Elasticiteitsmodulus
 

  • aluminium 67.000 tot 73.000 N/mm2
  • staal 210.000 N/mm2
  • glas 73.000 tot 75.000 N/mm2



De elasticiteitsmodulus is maatgevend voor de stijfheid van het materiaal in de constructie, naast uiteraard de vorm waarin het materiaal is gebracht en de verbindingen tussen de verschillende elementen. Aangezien de stijfheid van aluminium dus één derde is van staal, zal het in dezelfde vorm gebracht veel minder stijf zijn. Bij belasting waar E een rol speelt (buiging en knik) moet dus in volume gezien relatief méér aluminium worden verwerkt, of het materiaal moet op een andere wijze worden gebruikt. Voor axiaal belaste staven volgt hieruit de aanbeveling altijd met buizen te werken, liefst dunwandig met grote uitwendige diameters. Voor op buiging belaste elementen volgt hieruit dat een vertaling van een stalen IPE naar een identiek aluminium profiel niet zeer zinvol is. Een grotere hoogte in het constructie-element zal minder materiaal gebruiken: een vakwerkachtige ligger ligt dus meer voor de hand. Voor op trek belaste constructie-elementen gelden bovenstaande overwegingen niet, aangezien de E daarin geen rol speelt.
 

        Treksterkte

  • aluminium K.AIMgSi0.5        215 N/mm2
  • aluminium K.AIMg3              230 N/mm2
  • gietaluminium G.AIMg3        170 N/mm2
  • staal Fe 360                          360 N/mm2
  • nodulair gietijzer GN50         500 N/mm2
  • glas                                         40 N/mm2
  • gehard glas                           200 N/mm2 



De gietlegeringen zi jn ook opgevoerd bij deze lijst van breuksterkten, omdat deze vaak worden gebruikt in verbindingen van ruimtelijke constructies, die immers geometrisch vrij complex kunnen zijn en dus uitstekend geschikt zijn voor complexe gietvormen. Gietaluminium slaat geen slecht f iguur tegenover extrusie- of kneedaluminium, maar zeer belangrijk is het feit dat bij breuk de rek slechts één derde is van de waarde van de kneedlegering. Dat brengt ons op het belang van de spanningrek diagrammen van de diverse materialen.

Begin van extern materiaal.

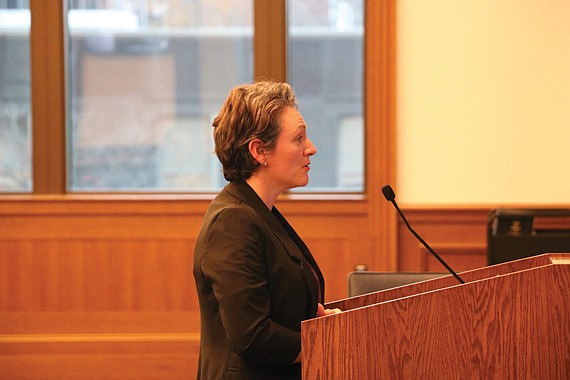 Corrections Ombudsman Andrea Sapone speaks with lawmakers on Dec. 16.
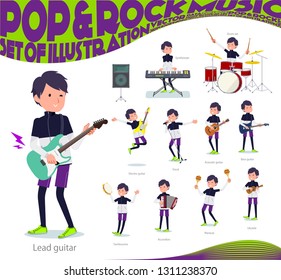 A set of men in sportswear playing rock 'n' roll and pop music.There are also various instruments such as ukulele and tambourine.It's vector art so it's easy to edit.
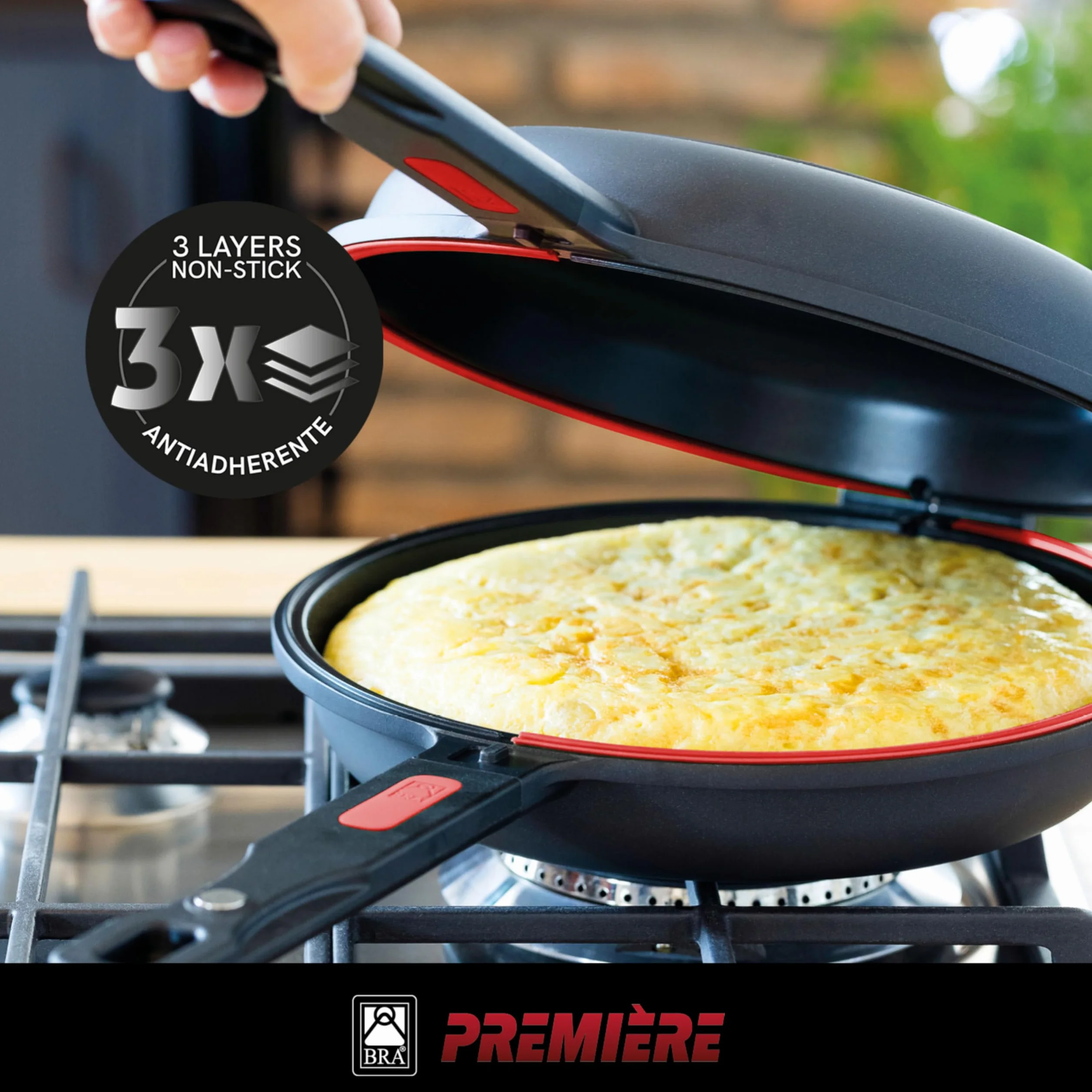 Sartén Doble para Tortilla de Patatas 24 cm Aluminio Fundido Triple Capa Antiadherente sin PFOA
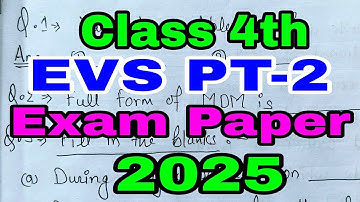 Class 4 EVS Paper PT- 2 latest kendriya vidyalaya sangathan/kv school class 4 EVS Paper PT-2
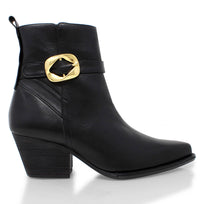 AUSTIN 60 - Negro Regina Romero Zapato Bota Botin Tacon Bajo Para Dama en Piel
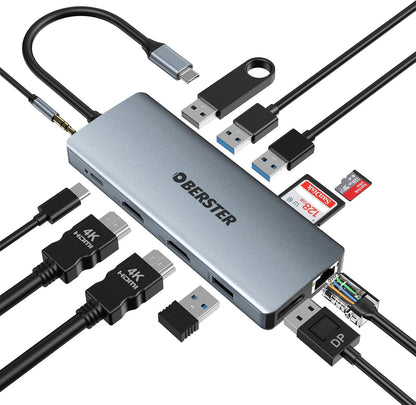 Docking Station 12 in 1 USB-C Hub Triple Display Laptop Adapter Windows & Mac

In afbeelding 1 is het spanningrek-diagram weergegeven van aluminium, staal en glas als de drie materialen die nogal eens in combinatie voorkomen in ruimtelijke constructies. In principe hebben de drie materialen drie verschillende diagrammen:

 

  • staal heeft een duidelijk vloeitraject en taai gedrag; hierdoor is een herverdeling van spanningen mogelijk (Fe360). als de maximale spanning in een deel van een constructie-element wordt bereikt. De veiligheidsfactor van dit constructiemateriaal behoeft slechts 1,5 te bedragen.
  • aluminium heeft geen uitgesproken vloeitraject, maar wel een taai gedrag. Omdat de veiligheid van het vloeitraject verdwenen is, moet er een geschikte verhouding worden aangehouden als de veilige werkspanning : veiligheid bij voorkeur 1,5 tot 2. Dit geldt voor aluminium extrusielegeringen.
  • materialen zonder duidelijk vloeitraject en met een bros gedrag, dus zonder een inherent waarschuwingsgedrag, zijn de materialen waarmee met de meeste zorg moet worden omgegaan. Dit geldt voor gietaluminium legeringen en in mindere mate ook voor nodulair gietijzer. Het geldt zeker ook voor glas. Bij deze materialen moet met een grotere veiligheid rekening worden gehouden.In de grafiek is glas ingetekend.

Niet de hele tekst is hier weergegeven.